Mittwoch, 2. März 2016

Authentisch sein

Mal wieder Altgriechisch. "authéntes" ist einer, der selbst handelt. Im übertragenen Sinne damals auch gern mal ein Mörder oder so. Wenn wir das Theta im Wort auseinanderzerren und das "hentes" wegstreichen, bleibt "autó" übrig. Das ist das Selbst.

Wenn ich also authentisch bin, bin ich ganz ich selbst. Ich verstelle mich nicht, um jemandem zu gefallen. Ich benehme mich nicht anders, weil es von mir erwartet wird. Nun mag einer sagen: "Ja, so sollte es doch immer sein, man sollte immer authentisch sein!" Und das ist richtig, aber es ist ein Soll- und kein Istzustand.

Hochbegabte haben feine Antennen dafür, wenn jemand nicht authentisch ist.
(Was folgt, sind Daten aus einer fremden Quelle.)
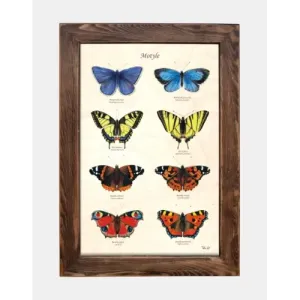 Tablica drewniana z motywem motyli - Wyjątkowa dekoracja wnętrz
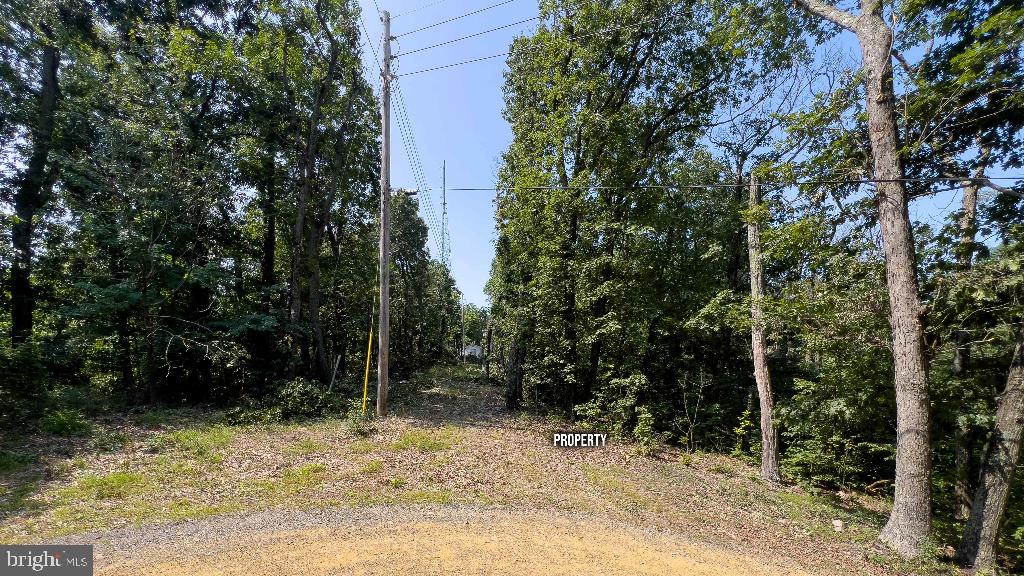440 IRIS LN, WINCHESTER, Virginia 22602, ,Land,For sale,440 IRIS LN,VAFV2037264 MLS # VAFV2037264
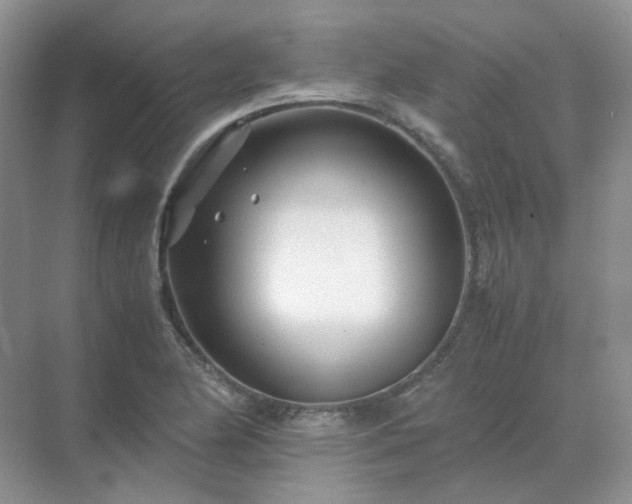 X0000071811174200607072110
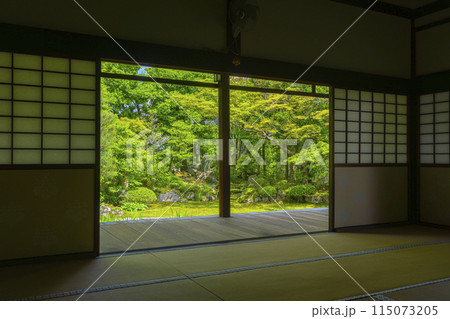 新緑の京都　本法寺　書院から見える巴の庭 115073205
Wenn mir jemand etwas vorspielt, merke ich es irgendwann (das kann auch mal eeeeewig dauern, manchmal aber durchschaue ich es sofort) an komischen Symptomen wie Bauchschmerzen oder Verwirrung. Der Gedanke "Irgendwas passt gerade nicht ins Bild."

Ich kann überhaupt nicht damit umgehen, wenn jemand mir gegenüber nicht authentisch ist. Das kann mein Gehirn nicht verarbeiten. Falsche Freundlichkeit, übertriebene Höflichkeit, ich weiß dann nicht, wie ich dieses Verhalten einsortieren soll. Und weil so viele Menschen eine Maskerade spielen (ja ja, auch diesmal kommst Du nicht ungeschoren davon), bin ich froh, dass ich nur eine Handvoll enger Freunde hab.

Ich verurteile das Vorspielen ja gar nicht. "Höflichkeit ist eine Zier, doch weiter kommt man ohne ihr", wie es so schön heißt - whatever, ja, manchmal ist es ganz diplomatisch, wenn man sich anders verhält. Wenn man mit Ranghöheren spricht. Mit Älteren. Mit Dienstherren. Und so weiter. Für eine kleine Weile bekomme ich das auch hin, aber auf Dauer kann ich das nicht.

Und das macht sich in meiner Arbeit als Lehrer bemerkbar. Ich kann versuchen, es den Menschen mit meinem Unterricht recht zu machen. Ich bin dann nicht authentisch, aber die Leute sind zufrieden. Aber daran gehe ich kaputt, und diese Fassade bröckelt irgendwann. Deswegen nehme ich mir vor, gar nicht erst wieder die Maskerade zu beginnen. Ich bleibe authentisch. Und wer damit nicht klar kommt, der meidet mich. Und das ist vollkommen okay so.

Wenn ein Vorstellungsgespräch ansteht, werde ich authentisch bleiben. Dazu gehören auch schwarz lackierte Fingernägel. Wenn von mir erwartet wird, dass ich mich anpasse, am besten noch im Zwirn unterrichte, dann ist es einfach nicht der richtige Ort zum Lehren für mich. Ich suche eine Schule, die mich nimmt, wie ich bin.